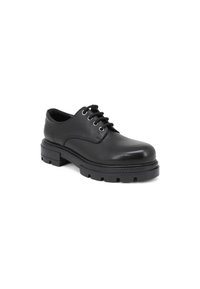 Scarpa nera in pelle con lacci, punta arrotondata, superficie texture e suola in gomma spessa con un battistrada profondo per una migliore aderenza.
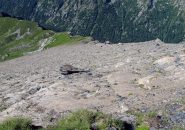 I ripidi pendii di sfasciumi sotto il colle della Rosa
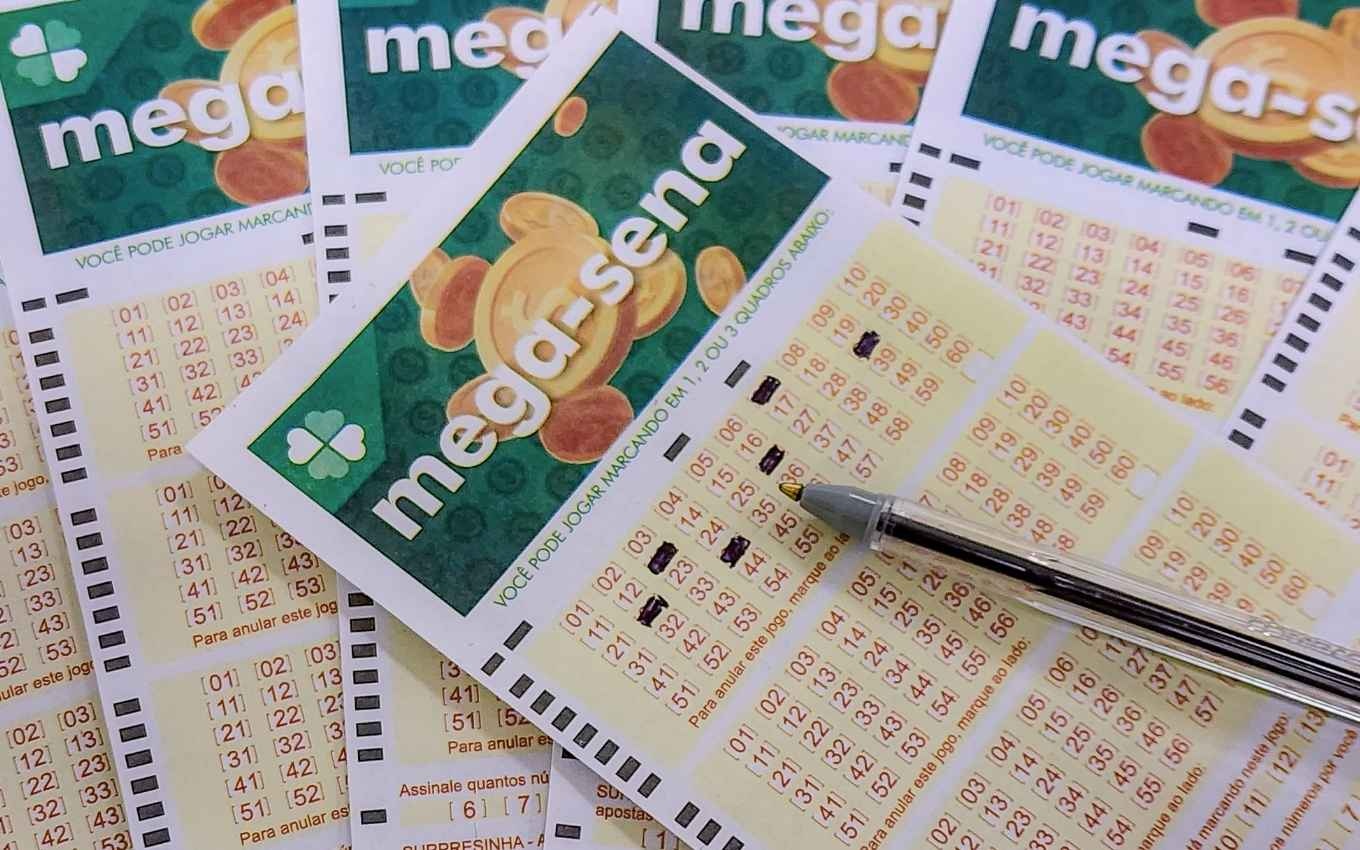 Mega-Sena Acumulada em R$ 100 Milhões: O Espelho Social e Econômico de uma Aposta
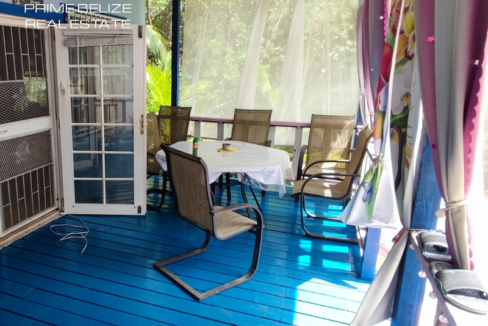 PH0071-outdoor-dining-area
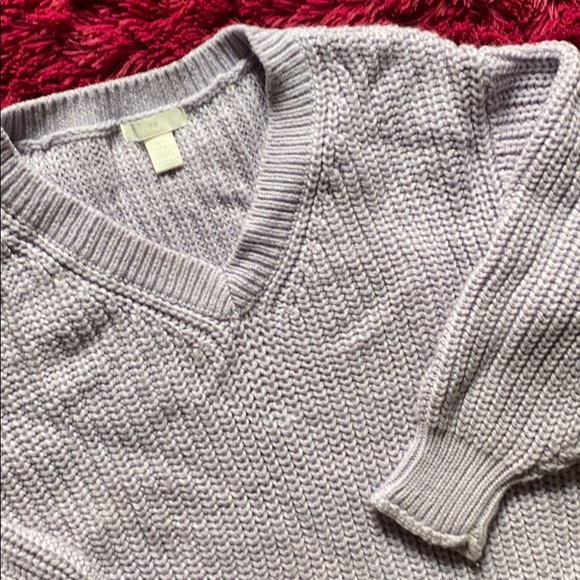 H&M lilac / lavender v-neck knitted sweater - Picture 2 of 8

-=-=-=-=-

- _Prompt_
Line by line, return the listing above exactly, leaving out its pictures.

- _Output below_
 Scarpa nera in pelle con lacci, punta arrotondata, superficie texture e suola in gomma spessa con un battistrada profondo per una migliore aderenza.
 I ripidi pendii di sfasciumi sotto il colle della Rosa
 Mega-Sena Acumulada em R$ 100 Milhões: O Espelho Social e Econômico de uma Aposta
 PH0071-outdoor-dining-area
 H&M lilac / lavender v-neck knitted sweater - Picture 2 of 8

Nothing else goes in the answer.